I want to create an identity for those family members that came before me. For my family history has been lost, misplaced and forgotten. I will begin by searching for information, asking questions, and recalling memories.
When information is found, I will write. When I recall memories, I will write. When I get answers, I will write.
I want to leave written words for my children, grandchildren, and future generations so that they, “know from whence they came.”
So, I begin this journey with fond memories of my maternal great-grandparents.
George and Miss Mattie
During my childhood, I assumed George and Miss Mattie were only good friends. After all, they worked on the same plantation and lived in close proximity to each other.
As the plantation owner’s family cook, Miss Mattie, lived in the big house with the plantation owner’s family. I recall a large white house surrounded by huge shrubs, sitting on lush green lawns, with peacocks walking around spreading their colorful wings.
George worked as the driver who supervised the sharecroppers working in the plantation fields. Therefore, his house was a bit larger, painted a bright red and better maintained than the sharecropper homes on the plantation. Sitting directly behind the big house, it shared the big house’s lush green lawns, huge shrubs and the peacocks even wandered by George’s front porch spreading their colorful wings.
Growing up, I knew George was the driver on the plantation. Unlike the drivers described during slavery, the sharecroppers on the plantation respected and trusted George.
Even though slavery ended in 1865, its remnants remained in the south and its replacement was sharecropping.
I am not sure when George or Miss Mattie began working on this plantation located in the rural Mississippi Delta. For certain, George worked as the driver throughout my mother’s childhood as well as mine.
Miss Mattie and George married sometime around the mid-1950s and were together until George passed away in 1971. Miss Mattie died several years later.
Though. I refer to George and Miss Mattie as great-grandparents, we shared no bloodline.
George the Single Parent
My mother rarely talked about her past. But, she did tell me how George became my great-grandfather He married my great-grandmother, Minerva, around the late 1930s. She was raising four grandchildren after the death of her daughter and only child, Minnie.
Several years later, when Minerva, died four of her sisters offered to take one child each. George rejected their offer. He did not want to see them separated.
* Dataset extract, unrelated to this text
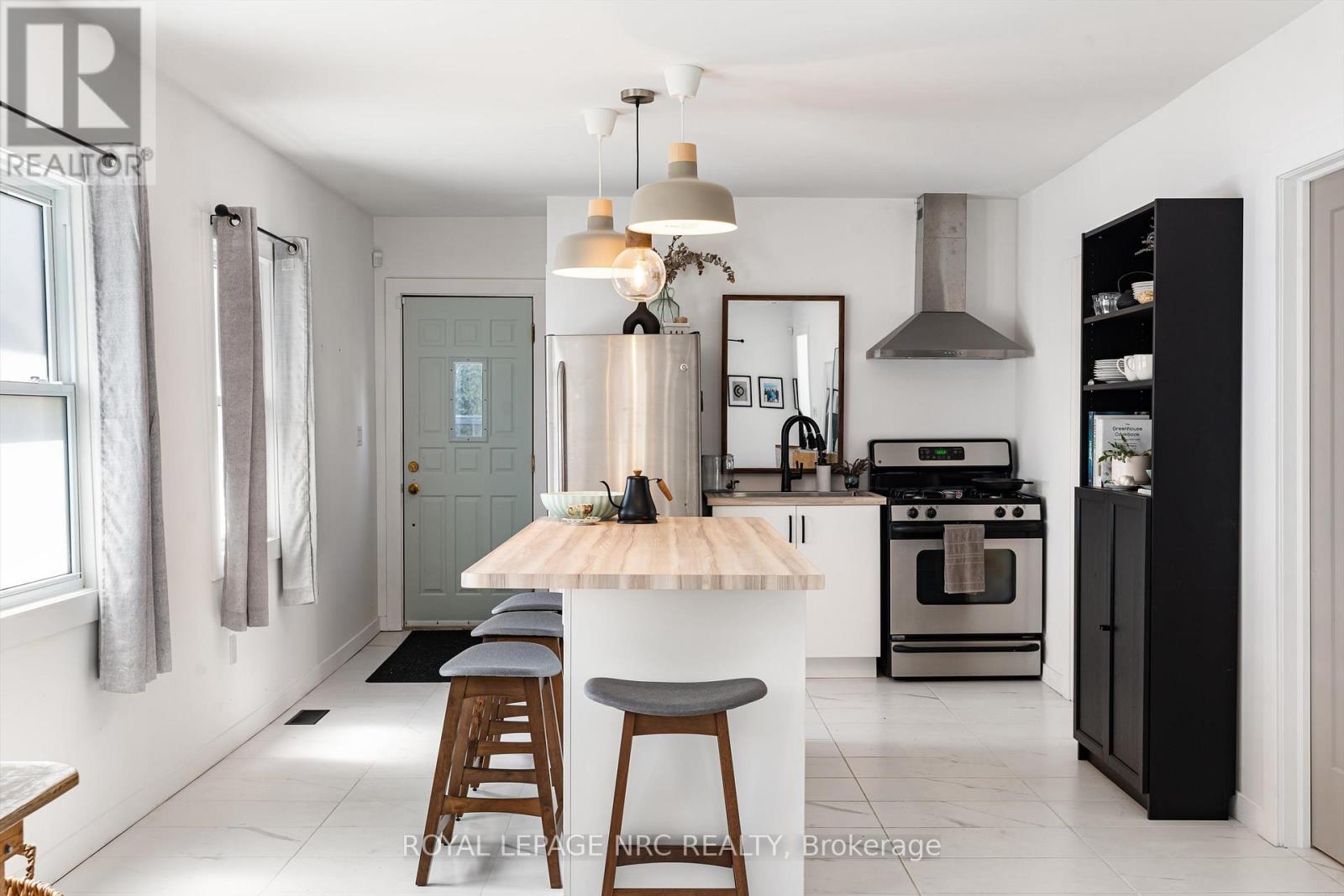 37 Lock Street, St. Catharines, Ontario  L2N 5B8 - Photo 13 - X12421470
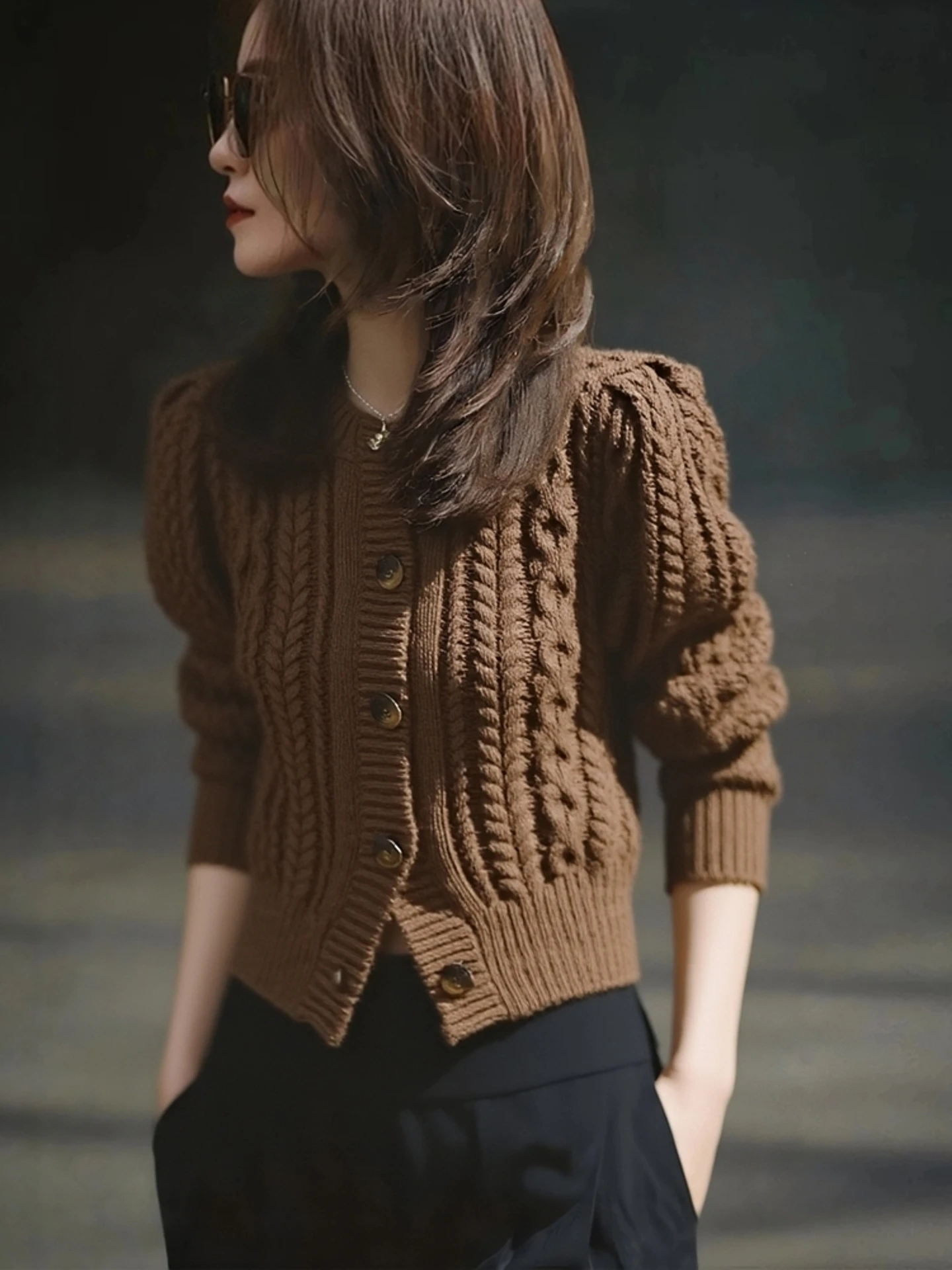 Cardigan slim fit lavorato a maglia da donna nuovo autunno 2025 con motivo in lino leggero Maturi Sle maglione lungo con bottoni Sve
George was very protective of the children. He stressed getting an education and their moving up north for a better life. When other children on the plantation went to work in the fields, my mother and her siblings went to school. When the two girls were ready for high school, he sent them both off to boarding schools. I remember mama saying, “We wanted to go to the field with the other children, but George wouldn’t allow it.”
The two boys were with him until they enlisted in the Navy during World War II and the two girls left when they married. All eventually moved north as George wanted.
I have many, many memories to share of times spent with this compassionate, loving, and generous man as I continue down this path of discovering “from whence I came.”